There are limitations to this study. For instance, in addition to performing the cognitive task while standing, it would be useful to know whether individuals post-stroke performed better in a seated position compared with standing. Performing the cognitive ST in standing may have also contributed to large DTE values with the CRR in individuals post-stroke. Additionally, motivation, education, attention, and engagement may greatly affect the cognitive DTE in both individuals post-stroke and healthy individuals, which should be further investigated in future research. Due to this variability, we chose to bound the DTE for the CRR to 100% to graphically represent the motor and cognitive interference patterns in Figures 5 and 6. Participants also performed the assessments in the same order for consistency. While we doubt this would have substantial effects on performance, it is possible that participants could be more fatigued for the 90W-ST and 90W-DT as they were always performed last, and this could lead to practice effects of the CRR during the 90W-DT. Furthermore, while this study reveals unique insights into patterns of CMI in both individuals post-stroke and a healthy comparison group, our power is limited by our sample size. Also, this study did not quantify the number of turns made during the 90W tasks, which would be helpful in providing further insights into the turning component of task complexity and CMI. Additionally, we had a unique cohort of individuals post-stroke, in that they were subacute (mean of 5 months post-stroke) and were relatively young, high-functioning individuals. However, we did not include specific information regarding fall characteristics, which could be incorporated in future studies to assist in describing functional status of the cohort. Therefore, these results may not be generalizable to other individuals post-stroke based on severity of functional limitations and stroke acuity.
CONCLUSIONS
Individuals post-stroke showed worse overall performance on both motor tasks, during ST and DT conditions.
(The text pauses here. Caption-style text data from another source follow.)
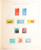 Kavel 3231 (144)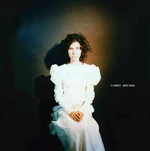 PJ Harvey - White Chalk (LP)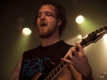 Bleed From Within, Bury Tomorrow, Crossfaith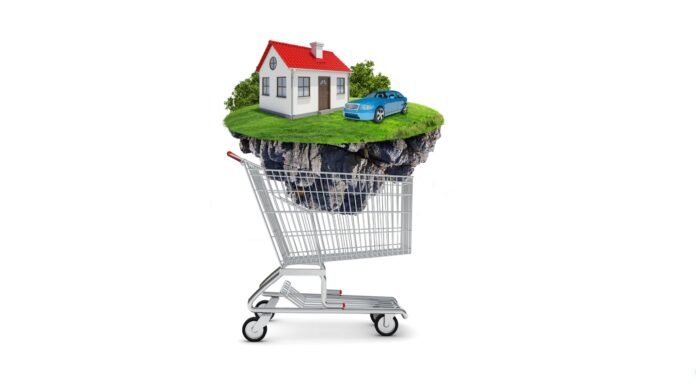 The Best Time of Year to Shop for Insurance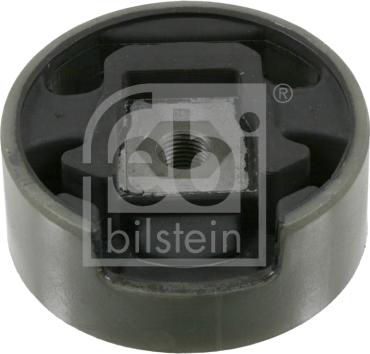 Febi Bilstein 22768 - Sospensione, Motore autozon.pro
Furthermore, motor performance decrements were exacerbated during the more complex walking task, the TUG-DT, but without any consequences on cognitive performance in individuals post-stroke. However, healthy individuals experienced similar declines in motor performance during both walking tasks, but showed substantial degradation in cognitive performance during the self-paced 90W. Our results suggest that individuals in our poststroke cohort were more susceptible to motor interference due to the secondary cognitive task, especially during more challenging walking assessments, when compared with healthy individuals.